In [63]:
import pickle
import re
from bs4 import BeautifulSoup
from selenium import webdriver
from selenium.webdriver.chrome.options import Options
from selenium.webdriver.firefox.options import Options
from selenium.webdriver.common.by import By
from selenium.webdriver.support.ui import WebDriverWait
from selenium.webdriver.support import expected_conditions as ec

In [30]:
# Unpickle zip code list
with open('../geotracker/data/zip.pkl', 'rb') as f:
    zip_codes = pickle.load(f)

In [31]:
# Create iterable list of URLS for the scraper
base_url = "https://www.lieferando.de/en/delivery/food/berlin-"
urls = [base_url + zip_code for zip_code in zip_codes]
urls[0]

'https://www.lieferando.de/en/delivery/food/berlin-10115'

# Restaurant page overview for each ZIP Code

In [34]:
# Set selenium options
options = Options()
#options.add_argument("--headless")  # Starts driver without opening a window
driver = webdriver.Firefox(options=options)

In [123]:
# Extract the information for restaurants from this page

driver.get(urls[0])
WebDriverWait(driver, 5)
#names = driver.find_elements(by=By.CLASS_NAME, value='restaurantname notranslate')
#names = driver.find_elements(By.CSS_SELECTOR, "h3")
restaurants_names = driver.find_elements(By.XPATH, "//a[@class='restaurantname notranslate']")

restaurant_urls = []
restaurant_names = []
for restaurant in restaurants_names:
    restaurant_urls.append(restaurant.get_attribute("href"))
    restaurant_names.append(restaurant.text)

print(restaurant_urls)
print(restaurant_names)

['https://www.lieferando.de/en/menu/diazo-greifenhagener', 'https://www.lieferando.de/en/menu/hot-million-burger-reinickendorfer', 'https://www.lieferando.de/en/menu/burger-king-berlin-schoenhauser-allee', 'https://www.lieferando.de/en/menu/burger-king-berlin-alexanderplatz', 'https://www.lieferando.de/en/menu/bowl-time', 'https://www.lieferando.de/en/menu/burger-king-berlin-mitte-bahnhof', 'https://www.lieferando.de/en/menu/bring-bakery', 'https://www.lieferando.de/en/menu/otacos-berlin-spandauer-strasse', 'https://www.lieferando.de/en/menu/kreuzburger-friedrichshain', 'https://www.lieferando.de/en/menu/pizza-nostra-berlin', 'https://www.lieferando.de/en/menu/xi-gon', 'https://www.lieferando.de/en/menu/sushi-palace-berlin-pankow', 'https://www.lieferando.de/en/menu/habba-habba-berlin', 'https://www.lieferando.de/en/menu/madni', 'https://www.lieferando.de/en/menu/dunkin-donuts-berlin-unter-den-linden', 'https://www.lieferando.de/en/menu/dunkin-donuts-berlin-badstrasse', 'https://www.li

In [36]:
print(len(restaurant_names))
print(len(restaurant_urls))

705
705


In [56]:
reviews = driver.find_elements(By.CLASS_NAME, "review_rating")
print(len(reviews))

0


In [48]:
#restaurants = driver.find_elements(By.XPATH, "//h2[@class='restaurantname']")
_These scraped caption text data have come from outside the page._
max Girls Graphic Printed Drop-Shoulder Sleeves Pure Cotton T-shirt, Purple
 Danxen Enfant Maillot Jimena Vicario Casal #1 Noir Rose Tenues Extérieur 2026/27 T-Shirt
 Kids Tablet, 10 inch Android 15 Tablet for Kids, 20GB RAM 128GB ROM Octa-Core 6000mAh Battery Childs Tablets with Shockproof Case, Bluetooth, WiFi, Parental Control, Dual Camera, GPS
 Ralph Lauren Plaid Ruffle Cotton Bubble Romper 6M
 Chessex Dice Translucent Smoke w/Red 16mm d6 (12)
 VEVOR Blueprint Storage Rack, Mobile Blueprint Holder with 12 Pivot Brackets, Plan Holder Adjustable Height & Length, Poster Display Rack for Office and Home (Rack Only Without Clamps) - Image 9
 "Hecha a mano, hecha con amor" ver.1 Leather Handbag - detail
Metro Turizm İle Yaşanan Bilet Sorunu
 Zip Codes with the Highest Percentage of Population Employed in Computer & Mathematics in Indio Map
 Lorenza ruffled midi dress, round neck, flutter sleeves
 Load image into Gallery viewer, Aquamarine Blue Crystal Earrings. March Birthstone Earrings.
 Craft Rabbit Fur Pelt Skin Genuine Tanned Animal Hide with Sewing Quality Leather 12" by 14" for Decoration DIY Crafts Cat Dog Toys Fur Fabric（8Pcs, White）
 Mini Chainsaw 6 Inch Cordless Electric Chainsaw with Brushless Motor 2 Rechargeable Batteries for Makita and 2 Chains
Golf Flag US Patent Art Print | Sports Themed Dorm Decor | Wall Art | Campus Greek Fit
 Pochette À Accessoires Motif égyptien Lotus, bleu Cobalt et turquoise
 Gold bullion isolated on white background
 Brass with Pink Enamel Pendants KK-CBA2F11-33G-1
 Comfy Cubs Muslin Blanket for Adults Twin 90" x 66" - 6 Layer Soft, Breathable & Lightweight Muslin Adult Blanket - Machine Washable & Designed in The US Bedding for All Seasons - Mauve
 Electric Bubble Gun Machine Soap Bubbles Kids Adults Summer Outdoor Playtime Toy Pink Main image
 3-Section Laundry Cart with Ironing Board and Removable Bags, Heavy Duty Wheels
soup = BeautifulSoup(driver.page_source, "html.parser")


In [57]:
reviews = soup.find_all("div", class_="review-rating")
print(len(reviews))
reviews[0]

706


<div class="review-rating">
<div class="review-stars notranslate">
<span class="review-stars-range" style="width: 80%;">
</span>
</div>
<span class="rating-total">(150)</span>
<span class="rating-total-short">(150)</span>
</div>

In [79]:
def convert_rating(rating_attribute):
    found = re.search(r"[0-9]{1,3}", rating_attribute)
    return int(found[0]) / 20
    
convert_rating('width: 100%;')

5.0

In [82]:
clean_reviews = reviews[ :len(restaurants_names)] # Remove the last element in the list which does not contain a review
restaurant_reviews = []
for clean_review in clean_reviews:
    rating = clean_review.find("span").get("style")
    restaurant_reviews.append(convert_rating(rating))
    
len(restaurant_reviews)
    


705

In [116]:
total_ratings = soup.find_all("span", class_="rating-total")
clean_ratings = total_ratings[ :len(restaurants_names)]

restaurant_rating_totals = []
for clean_rating in clean_ratings:
    total_rating = clean_rating.text.strip()
    total_rating = re.search(r"[0-9]{1,5}", total_rating)[0]
    restaurant_rating_totals.append(int(total_rating))

print(len(restaurant_rating_totals))
restaurant_rating_totals[0:5]


705


[150, 128, 209, 128, 6]

In [97]:
kitchens = soup.find_all("div", class_="kitchens")
clean_kitchens = kitchens[ :len(restaurant_names)]

restaurant_kitchens = []
for clean_kitchen in clean_kitchens:
    restaurant_kitchens.append(clean_kitchen.find("span").text)
    
len(restaurant_kitchens)
    

705

In [118]:
# Final restaurant list

restaurant_list = []
for restaurant_name, restaurant_url, restaurant_review, restaurant_rating_total, restaurant_kitchen in zip(restaurant_names, restaurant_urls, restaurant_reviews, restaurant_rating_totals, restaurant_kitchens):
    restaurant_list.append(
        dict(restaurant_name=restaurant_name,
             restaurant_url=restaurant_url, 
             restaurant_review=restaurant_review, 
             restaurant_rating_total=restaurant_rating_total, 
             restaurant_kitchen=restaurant_kitchen)
    )
    
restaurant_list[:2]

[{'restaurant_name': 'Diazo',
  'restaurant_url': 'https://www.lieferando.de/en/menu/diazo-greifenhagener',
  'restaurant_review': 4.0,
  'restaurant_rating_total': 150,
  'restaurant_kitchen': 'Italian style pizza, Burgers, Pasta'},
 {'restaurant_name': 'Hot Million Burger',
  'restaurant_url': 'https://www.lieferando.de/en/menu/hot-million-burger-reinickendorfer',
  'restaurant_review': 4.5,
  'restaurant_rating_total': 128,
  'restaurant_kitchen': 'Italian style pizza, Burgers, Pasta'}]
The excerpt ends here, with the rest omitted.